Gericht sprach einen Angeklagten frei

Vorwurf Körperverletzung: Kneipenbesuch mit Schlägerei

Treysa. Gemeinschaftliche gefährliche Körperverletzung lautete der Vorwurf gegen drei Angeklagte aus dem Altkreis Ziegenhain, die sich am Amtsgericht Schwalmstadt verantworten mussten.

Den 19 und 20 Jahre alten Angeklagten wurde vorgeworfen, beim Besuch einer Schwälmer Musikkneipe mehrere Personen mit Schlagwaffen und einer Flasche attackiert zu haben. Unter den Augen zahlreicher Schaulustiger hatte sich eine Schlägerei durch den Ort gezogen.

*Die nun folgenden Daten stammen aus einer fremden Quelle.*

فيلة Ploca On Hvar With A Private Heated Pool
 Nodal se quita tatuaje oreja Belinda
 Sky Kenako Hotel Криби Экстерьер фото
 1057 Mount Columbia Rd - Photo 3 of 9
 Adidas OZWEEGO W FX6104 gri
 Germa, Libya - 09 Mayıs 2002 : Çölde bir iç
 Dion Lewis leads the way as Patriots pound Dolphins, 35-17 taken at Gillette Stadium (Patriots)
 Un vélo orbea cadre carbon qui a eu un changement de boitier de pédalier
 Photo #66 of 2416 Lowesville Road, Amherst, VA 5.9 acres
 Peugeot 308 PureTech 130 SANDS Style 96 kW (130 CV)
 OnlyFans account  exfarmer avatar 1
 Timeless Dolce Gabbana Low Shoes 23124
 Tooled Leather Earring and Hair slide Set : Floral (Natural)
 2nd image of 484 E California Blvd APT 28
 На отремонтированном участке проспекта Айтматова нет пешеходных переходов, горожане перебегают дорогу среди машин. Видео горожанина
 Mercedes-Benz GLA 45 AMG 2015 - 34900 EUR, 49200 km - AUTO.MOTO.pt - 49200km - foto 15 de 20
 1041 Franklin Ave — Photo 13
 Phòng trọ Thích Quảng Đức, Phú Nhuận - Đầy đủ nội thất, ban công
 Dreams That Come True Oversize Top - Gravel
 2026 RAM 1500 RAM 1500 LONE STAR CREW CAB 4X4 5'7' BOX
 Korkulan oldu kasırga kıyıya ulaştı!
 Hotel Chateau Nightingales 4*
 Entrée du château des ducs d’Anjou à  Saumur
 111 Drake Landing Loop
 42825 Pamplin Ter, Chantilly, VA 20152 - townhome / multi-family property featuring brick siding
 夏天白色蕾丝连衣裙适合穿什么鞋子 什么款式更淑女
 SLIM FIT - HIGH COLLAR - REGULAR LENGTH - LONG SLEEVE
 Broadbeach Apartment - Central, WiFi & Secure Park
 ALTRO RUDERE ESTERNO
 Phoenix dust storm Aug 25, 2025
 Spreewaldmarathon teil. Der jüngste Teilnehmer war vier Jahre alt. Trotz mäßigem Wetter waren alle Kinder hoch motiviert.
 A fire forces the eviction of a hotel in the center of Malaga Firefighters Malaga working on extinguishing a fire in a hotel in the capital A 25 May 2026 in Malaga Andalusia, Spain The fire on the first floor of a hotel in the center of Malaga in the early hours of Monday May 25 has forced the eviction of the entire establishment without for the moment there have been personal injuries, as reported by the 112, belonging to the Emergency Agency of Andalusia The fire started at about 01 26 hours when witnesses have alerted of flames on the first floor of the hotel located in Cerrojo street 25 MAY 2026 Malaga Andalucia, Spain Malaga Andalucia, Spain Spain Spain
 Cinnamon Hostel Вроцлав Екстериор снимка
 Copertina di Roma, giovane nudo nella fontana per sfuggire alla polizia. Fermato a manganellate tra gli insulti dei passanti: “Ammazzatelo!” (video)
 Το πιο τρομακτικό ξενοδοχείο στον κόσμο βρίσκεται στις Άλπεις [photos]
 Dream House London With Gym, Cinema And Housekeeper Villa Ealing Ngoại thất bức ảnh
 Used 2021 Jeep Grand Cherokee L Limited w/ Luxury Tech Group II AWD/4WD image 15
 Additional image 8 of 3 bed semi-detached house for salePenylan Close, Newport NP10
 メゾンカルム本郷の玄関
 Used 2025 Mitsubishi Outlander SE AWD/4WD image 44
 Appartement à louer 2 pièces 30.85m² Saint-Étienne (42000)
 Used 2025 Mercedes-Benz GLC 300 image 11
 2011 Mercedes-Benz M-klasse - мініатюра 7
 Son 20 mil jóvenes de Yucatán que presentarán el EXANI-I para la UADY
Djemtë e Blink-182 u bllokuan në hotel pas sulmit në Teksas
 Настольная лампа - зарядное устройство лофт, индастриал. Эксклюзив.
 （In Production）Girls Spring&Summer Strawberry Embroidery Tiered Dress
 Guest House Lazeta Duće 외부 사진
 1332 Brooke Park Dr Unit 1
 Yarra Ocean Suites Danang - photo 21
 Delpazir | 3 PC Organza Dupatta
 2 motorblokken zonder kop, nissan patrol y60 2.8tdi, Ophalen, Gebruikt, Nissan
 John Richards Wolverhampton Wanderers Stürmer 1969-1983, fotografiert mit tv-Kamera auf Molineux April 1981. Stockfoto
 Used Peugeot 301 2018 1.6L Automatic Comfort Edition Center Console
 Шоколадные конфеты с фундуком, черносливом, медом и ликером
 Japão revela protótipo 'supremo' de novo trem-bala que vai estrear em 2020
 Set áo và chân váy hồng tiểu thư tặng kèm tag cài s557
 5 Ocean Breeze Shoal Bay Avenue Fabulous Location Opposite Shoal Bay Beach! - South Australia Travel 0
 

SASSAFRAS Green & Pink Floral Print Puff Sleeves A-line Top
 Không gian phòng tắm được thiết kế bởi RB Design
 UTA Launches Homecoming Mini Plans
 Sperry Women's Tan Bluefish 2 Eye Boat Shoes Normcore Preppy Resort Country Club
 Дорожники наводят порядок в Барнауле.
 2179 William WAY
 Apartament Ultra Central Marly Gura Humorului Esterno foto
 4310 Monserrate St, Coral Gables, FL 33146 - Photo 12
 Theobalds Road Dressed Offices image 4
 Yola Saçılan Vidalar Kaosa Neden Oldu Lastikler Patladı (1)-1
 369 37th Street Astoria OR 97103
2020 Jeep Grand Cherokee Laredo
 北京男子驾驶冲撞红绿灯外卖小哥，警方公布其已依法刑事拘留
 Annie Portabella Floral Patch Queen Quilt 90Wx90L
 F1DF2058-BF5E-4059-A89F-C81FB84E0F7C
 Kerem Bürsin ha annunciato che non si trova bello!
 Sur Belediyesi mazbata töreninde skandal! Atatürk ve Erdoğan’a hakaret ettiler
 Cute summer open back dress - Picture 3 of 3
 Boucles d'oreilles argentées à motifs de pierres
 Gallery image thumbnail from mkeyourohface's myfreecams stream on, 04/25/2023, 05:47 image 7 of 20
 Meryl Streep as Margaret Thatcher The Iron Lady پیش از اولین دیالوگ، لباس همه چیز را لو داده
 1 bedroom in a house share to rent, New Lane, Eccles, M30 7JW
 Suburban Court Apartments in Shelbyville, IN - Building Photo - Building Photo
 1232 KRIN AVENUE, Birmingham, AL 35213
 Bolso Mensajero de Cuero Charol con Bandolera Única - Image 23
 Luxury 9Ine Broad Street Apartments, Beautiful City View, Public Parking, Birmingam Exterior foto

Nach einem Zeugenmarathon kam es zur Urteilsverkündung. Das Gericht sprach einen der drei Angeklagten frei. Eine Beteiligung des 20-Jährigen an der Schlägerei sei nicht festzustellen.

Einen der beiden 19-Jährigen, der einen Faustschlag gegen einen der Zeugen eingeräumt hatte, verurteilte das Gericht zu 80 Stunden gemeinnütziger Arbeit. Zudem soll er am Projekt „Lernen durch Erfahrung“ teilnehmen.

Der dritte Angeklagte, der als äußerst impulsiv gilt und sich wegen eines weiteren Falles von Körperverletzung sowie Strafvereitelung, Beleidigung und Bedrohung vor Gericht verantworten musste, war strafrechtlich bereits mehrfach in Erscheinung getreten. Unter Berücksichtigung des letzten Urteils verhängte das Gericht gegen ihn eine Jugendstrafe von einem Jahr und neun Monaten.

Für die Dauer von neun Monaten wird der 19-Jährige unter Vorbewährung gestellt. In dieser Zeit ist es ihm untersagt, Diskotheken und Volksfeste zu besuchen. Auch muss er, mit Ausnahme von beruflichen Einsätzen, nachts zuhause sein, ein Antiaggressionstraining absolvieren und weiterhin eine Fußfessel tragen. Das Urteil ist noch nicht rechtskräftig.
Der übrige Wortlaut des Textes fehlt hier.